Trying to remember Day 3

Yesterday was Day 3 of her Hi CY. She had an insane night of fighting nurses and Kris. She was biting and fighting so much. Then she finally calmed down and slept a bit. At one point Kris said she let out this blood curdling scream that had the nurses running in to check on her from the station up front. But she was just sleeping as she normally does at home. It's weird to realize what we've become customed to at home when you see the reactions of other people who aren't around a sleep talker/walker. Then add all the medication and she doubles up on it.

Yesterday was a lot of schooling for me.

First with the breathing issues I was concerned about the night before. Dr. Badgett came in to see us - he is one of Haven's constant Oncologists. We haven't seen him in probably 4 months since Haven's schedule was flipped around and Dr. Paz-Priel took over the main schedule and medications. It was nice to see him again and make a few jokes.

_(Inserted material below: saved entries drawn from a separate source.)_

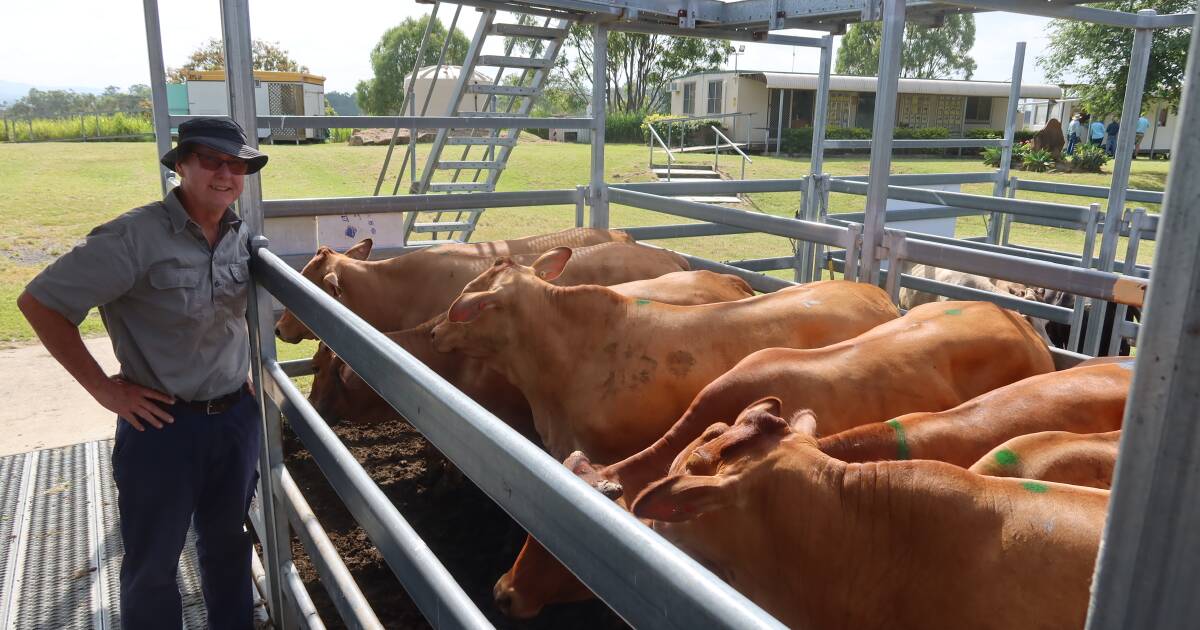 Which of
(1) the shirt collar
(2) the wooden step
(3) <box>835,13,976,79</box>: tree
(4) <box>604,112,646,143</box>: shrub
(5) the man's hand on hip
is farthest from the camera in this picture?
(3) <box>835,13,976,79</box>: tree

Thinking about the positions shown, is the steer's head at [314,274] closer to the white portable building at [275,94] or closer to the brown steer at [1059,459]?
the brown steer at [1059,459]

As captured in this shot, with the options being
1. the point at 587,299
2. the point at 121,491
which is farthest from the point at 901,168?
the point at 121,491

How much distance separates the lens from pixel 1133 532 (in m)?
0.70

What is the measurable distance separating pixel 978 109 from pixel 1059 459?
47281mm

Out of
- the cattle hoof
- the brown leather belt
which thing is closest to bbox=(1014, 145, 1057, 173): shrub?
the cattle hoof

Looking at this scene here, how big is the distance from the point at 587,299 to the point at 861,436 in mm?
1556

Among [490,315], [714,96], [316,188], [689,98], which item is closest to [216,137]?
[490,315]

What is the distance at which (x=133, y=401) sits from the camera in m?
2.74

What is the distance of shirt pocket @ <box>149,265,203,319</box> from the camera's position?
2.75 m

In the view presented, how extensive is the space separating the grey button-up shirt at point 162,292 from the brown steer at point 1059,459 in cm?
247

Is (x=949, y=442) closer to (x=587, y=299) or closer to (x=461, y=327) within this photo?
(x=587, y=299)

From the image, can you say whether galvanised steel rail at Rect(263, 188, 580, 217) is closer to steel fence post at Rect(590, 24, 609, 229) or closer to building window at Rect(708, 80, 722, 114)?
steel fence post at Rect(590, 24, 609, 229)

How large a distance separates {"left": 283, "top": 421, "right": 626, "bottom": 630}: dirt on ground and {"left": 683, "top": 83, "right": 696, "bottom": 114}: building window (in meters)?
42.7

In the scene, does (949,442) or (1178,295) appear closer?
(1178,295) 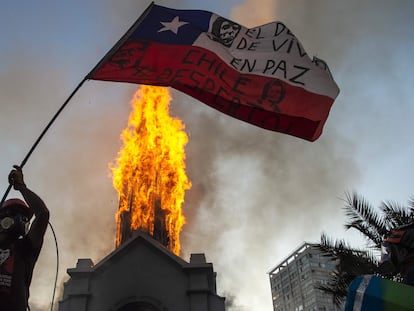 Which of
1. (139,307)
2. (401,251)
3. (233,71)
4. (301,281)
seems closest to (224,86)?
(233,71)

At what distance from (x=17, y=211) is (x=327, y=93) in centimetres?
568

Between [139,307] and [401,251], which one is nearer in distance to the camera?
[401,251]

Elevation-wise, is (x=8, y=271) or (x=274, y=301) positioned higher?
(x=274, y=301)

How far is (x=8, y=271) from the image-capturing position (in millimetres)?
4191

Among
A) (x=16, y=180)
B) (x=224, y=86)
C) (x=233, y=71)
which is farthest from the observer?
(x=233, y=71)

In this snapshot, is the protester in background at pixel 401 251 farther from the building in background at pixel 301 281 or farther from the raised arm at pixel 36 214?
the building in background at pixel 301 281

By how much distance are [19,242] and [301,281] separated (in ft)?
370

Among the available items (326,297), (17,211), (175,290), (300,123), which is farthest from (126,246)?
(326,297)

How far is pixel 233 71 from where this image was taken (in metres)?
7.78

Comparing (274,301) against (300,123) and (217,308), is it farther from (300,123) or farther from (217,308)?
(300,123)

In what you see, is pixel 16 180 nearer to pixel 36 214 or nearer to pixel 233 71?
pixel 36 214

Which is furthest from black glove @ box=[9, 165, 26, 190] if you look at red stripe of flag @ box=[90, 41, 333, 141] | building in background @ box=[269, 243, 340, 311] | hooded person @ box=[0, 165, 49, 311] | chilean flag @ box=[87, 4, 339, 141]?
building in background @ box=[269, 243, 340, 311]

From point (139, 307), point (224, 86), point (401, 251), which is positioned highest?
point (224, 86)

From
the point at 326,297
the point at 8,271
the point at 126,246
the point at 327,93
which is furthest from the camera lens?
the point at 326,297
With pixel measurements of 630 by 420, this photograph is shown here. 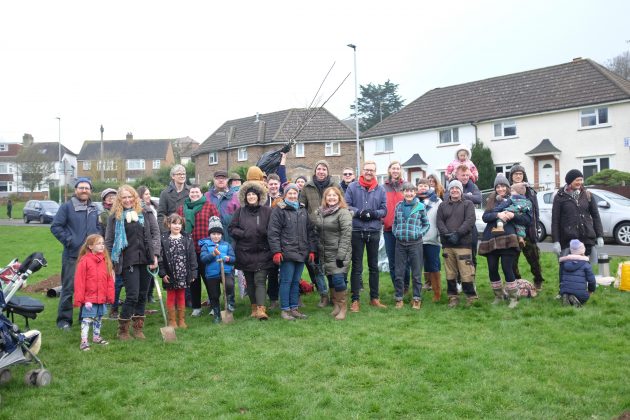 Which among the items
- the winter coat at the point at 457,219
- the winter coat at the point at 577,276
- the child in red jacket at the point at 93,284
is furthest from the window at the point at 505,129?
the child in red jacket at the point at 93,284

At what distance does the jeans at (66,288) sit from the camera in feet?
25.6

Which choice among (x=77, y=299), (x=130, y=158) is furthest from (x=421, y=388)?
(x=130, y=158)

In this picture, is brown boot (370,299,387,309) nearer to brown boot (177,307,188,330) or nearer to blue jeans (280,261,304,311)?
blue jeans (280,261,304,311)

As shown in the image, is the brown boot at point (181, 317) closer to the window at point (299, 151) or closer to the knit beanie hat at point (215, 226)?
the knit beanie hat at point (215, 226)

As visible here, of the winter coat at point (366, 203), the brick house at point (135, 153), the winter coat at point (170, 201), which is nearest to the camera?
the winter coat at point (366, 203)

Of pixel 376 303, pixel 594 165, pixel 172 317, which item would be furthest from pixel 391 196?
pixel 594 165

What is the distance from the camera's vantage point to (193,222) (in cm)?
841

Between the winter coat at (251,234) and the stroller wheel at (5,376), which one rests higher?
the winter coat at (251,234)

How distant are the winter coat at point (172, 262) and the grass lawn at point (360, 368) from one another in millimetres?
725

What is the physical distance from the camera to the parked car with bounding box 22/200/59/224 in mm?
34625

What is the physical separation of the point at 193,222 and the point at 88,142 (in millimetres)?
85401

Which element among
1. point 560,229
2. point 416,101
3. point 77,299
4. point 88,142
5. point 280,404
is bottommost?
point 280,404

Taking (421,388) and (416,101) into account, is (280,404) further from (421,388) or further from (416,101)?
(416,101)

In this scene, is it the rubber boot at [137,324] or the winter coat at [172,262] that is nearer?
the rubber boot at [137,324] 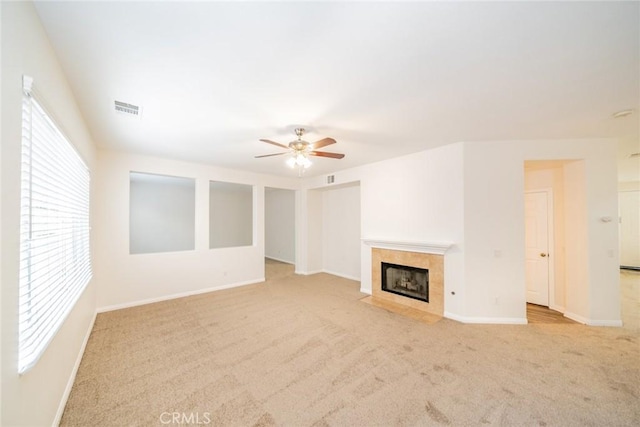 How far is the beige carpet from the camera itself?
1.82m

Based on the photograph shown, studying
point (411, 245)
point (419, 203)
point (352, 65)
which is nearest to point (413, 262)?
point (411, 245)

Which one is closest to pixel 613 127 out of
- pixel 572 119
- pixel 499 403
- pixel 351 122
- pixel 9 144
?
pixel 572 119

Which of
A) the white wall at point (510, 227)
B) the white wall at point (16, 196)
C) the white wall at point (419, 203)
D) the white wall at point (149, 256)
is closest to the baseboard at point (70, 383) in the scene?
the white wall at point (16, 196)

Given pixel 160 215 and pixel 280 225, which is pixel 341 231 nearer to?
pixel 280 225

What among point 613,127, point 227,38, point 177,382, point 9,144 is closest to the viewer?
point 9,144

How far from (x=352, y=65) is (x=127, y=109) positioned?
2.37m

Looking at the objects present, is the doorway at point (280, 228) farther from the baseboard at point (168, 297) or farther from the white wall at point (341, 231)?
the baseboard at point (168, 297)

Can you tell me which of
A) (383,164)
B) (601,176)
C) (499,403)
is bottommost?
(499,403)

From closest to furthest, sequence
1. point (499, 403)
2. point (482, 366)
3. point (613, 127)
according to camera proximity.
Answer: point (499, 403) < point (482, 366) < point (613, 127)

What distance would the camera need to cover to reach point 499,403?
1931 mm

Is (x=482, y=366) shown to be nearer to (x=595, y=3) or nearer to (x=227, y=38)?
(x=595, y=3)

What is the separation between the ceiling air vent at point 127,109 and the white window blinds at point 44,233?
59 cm

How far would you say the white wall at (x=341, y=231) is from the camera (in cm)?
605

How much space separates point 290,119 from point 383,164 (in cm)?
251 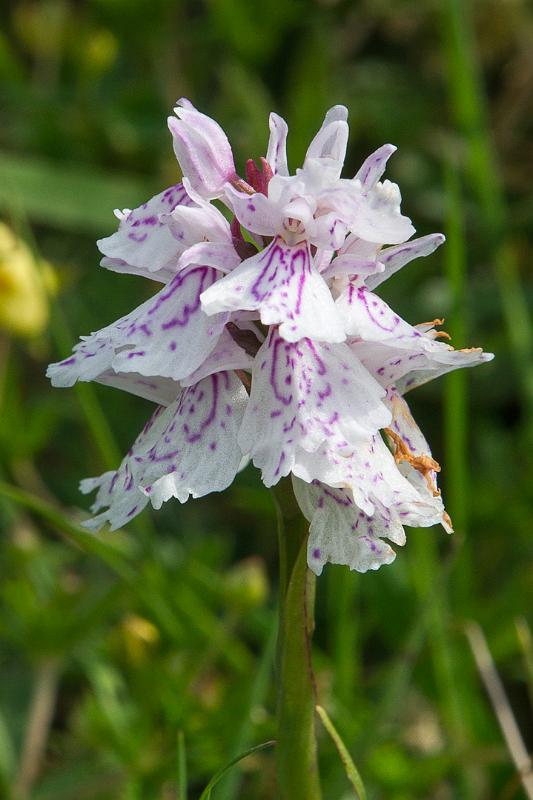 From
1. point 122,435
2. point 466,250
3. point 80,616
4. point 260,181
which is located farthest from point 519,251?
point 260,181

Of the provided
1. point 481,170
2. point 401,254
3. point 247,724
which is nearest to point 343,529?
point 401,254

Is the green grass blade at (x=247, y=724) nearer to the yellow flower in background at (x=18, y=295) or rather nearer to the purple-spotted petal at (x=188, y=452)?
the purple-spotted petal at (x=188, y=452)

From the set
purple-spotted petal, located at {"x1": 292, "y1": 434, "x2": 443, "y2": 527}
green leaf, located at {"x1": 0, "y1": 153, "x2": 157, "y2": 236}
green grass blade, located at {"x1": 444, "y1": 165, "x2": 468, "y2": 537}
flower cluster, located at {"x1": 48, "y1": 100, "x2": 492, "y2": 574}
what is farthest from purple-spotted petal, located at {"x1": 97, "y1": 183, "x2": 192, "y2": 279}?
green leaf, located at {"x1": 0, "y1": 153, "x2": 157, "y2": 236}

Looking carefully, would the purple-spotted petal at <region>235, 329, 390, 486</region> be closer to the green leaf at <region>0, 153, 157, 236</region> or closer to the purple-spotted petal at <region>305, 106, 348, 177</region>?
the purple-spotted petal at <region>305, 106, 348, 177</region>

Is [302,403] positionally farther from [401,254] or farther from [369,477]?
[401,254]

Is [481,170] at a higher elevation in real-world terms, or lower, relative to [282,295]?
higher

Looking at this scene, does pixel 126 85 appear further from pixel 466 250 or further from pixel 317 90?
pixel 466 250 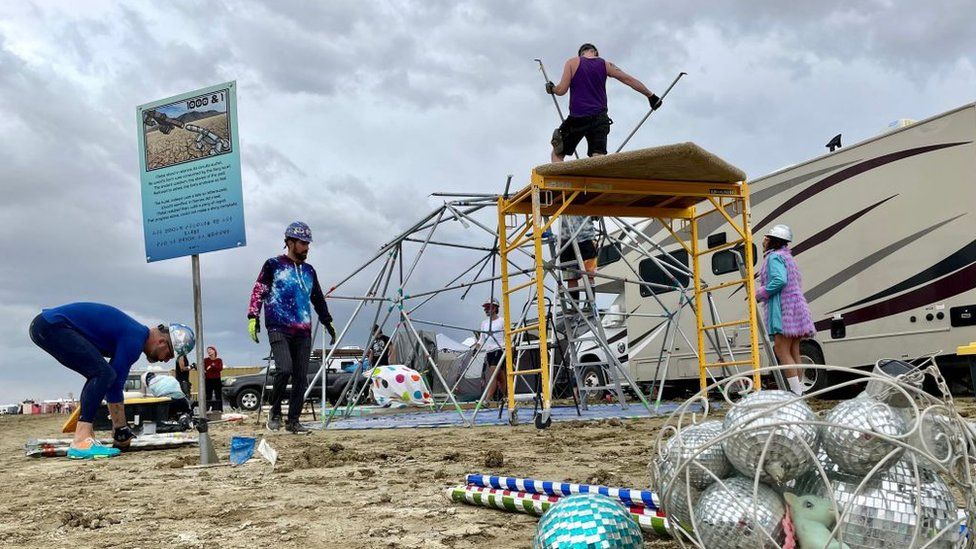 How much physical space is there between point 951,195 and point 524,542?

Then Dr. Paz-Priel came in - which I was really surprised to see. It must've been his day off because I've never seen him dress casually - which was nice to see and a bit more relaxed. We discussed the heavy snoring and he saw her videos that I sent to him. Since her O2 levels were at 100 and she has been super medicated, over hydrated, and not moving too much he was not getting concerned about it. Which I understand. But it's my job to point out any little itty bitty difference or change in her. Of course, he knows I over analyze and journal every bit of it for my records.

Then our other Oncologists Dr. Fernanda and sorry I can't remember the other one but he's very quiet. Came in to check her out. They check on her every day - multiple times. I explained my concerns of seizures and such when she snores like that. And they made a very good point - if she is going to have a seizure or anything else she is in the best place to have it. She is completely hooked up and monitored day and night.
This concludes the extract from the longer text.